OXFORD — Recognizing the importance of preparedness when disasters strike, the Mississippi Emergency Management Agency and Federal Emergency Management Agency have provided a grant to help the University of Mississippi upgrade its Natural Hazards Mitigation Plan.

The $84,344 grant calls for an evaluation and upgrade of the mitigation plan, which was approved in 2006, because significant changes have occurred since then. DRU committee members are scheduled to meet first, with a series of public hearings on campus and in Oxford to follow.

“The campus has experienced significant structural changes over the past five years,” said Charles Swann, associate director at the Mississippi Mineral Resources Institute and DRU project co-investigator. “Campus demolitions and new constructions both increase and decrease our vulnerabilities, requiring a review of our existing plan and our mitigation strategy.”

Chris Mullen, interim chair of the UM Department of Civil Engineering, will examine issues involving the engineering aspects of campus buildings, as well as potential losses from the set of natural hazards listed in the plan. Jeremy Drew, MMRI research associate; and Allison Woolsey, MMRIS GIS analyst, will assist both the MMRI and civil engineering department on technical aspects of the review. Students will also be included, providing a chance for them to get firsthand experience in hazard mitigation work.

A major part of the Disaster Resistant University plan, as mandated by FEMA and MEMA, involves evaluating the effects and frequency of past natural hazards as part of planning for future events.

Natural hazards that threaten the university include earthquakes, floods, lightning, hail, severe winter weather, tornadoes, wildfires and windstorms.

According to UM, it is the first Mississippi institution of higher learning to have a FEMA-approved mitigation plan, Swann said. Since its approval, all the state’s other universities have developed their own mitigation plans, using the Ole Miss DRU experience as a starting point.

“Now that FEMA has again approved the grant for our mitigation plan upgrade, we can begin the process of data collection and the re-evaluation of the campus,” Swann said. “The key is to get people seriously thinking about the possibility of a disaster and staying ready for what could happen. Having an approved mitigation plan also qualifies Ole Miss for all state and federal assistance during and after a natural disaster.”

“The university’s continuing interest and success in mitigation implementation and planning is exemplary,” said Mike Wommack, MEMA director. “Mitigation, as well as emergency response plans, has already been developed by the Board of Trustees of State Institutions of Higher Learning.”

The advisory committee, which included representatives from various campus units, the city of Oxford, Lafayette County and the multi-county Tri-Rivers Planning and Development District, will review the DRU plan as it develops, and guide and assist the technical investigations.

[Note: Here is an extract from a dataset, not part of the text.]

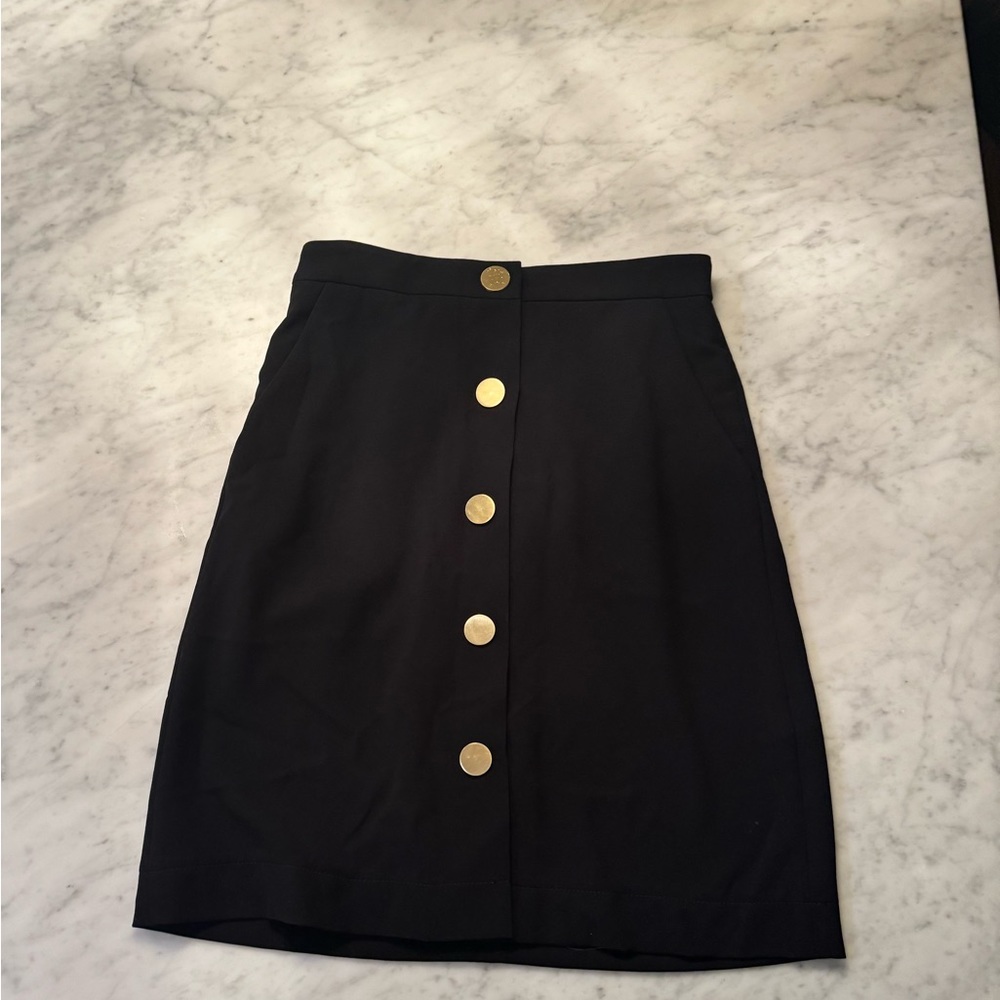 DVF Carnies a line skirt size 8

“Between 1995 and 1999, MEMA sponsored a mitigation study at the university that focused specifically on the vulnerability of select buildings on campus to earthquakes,” Mullen said. “Later, FEMA launched a nationally competitive grant opportunity program that considered vulnerability of university campuses to all natural hazards, and the university became one of only 31 grant recipients. I’m pleased to continue this important and potentially life-saving work.”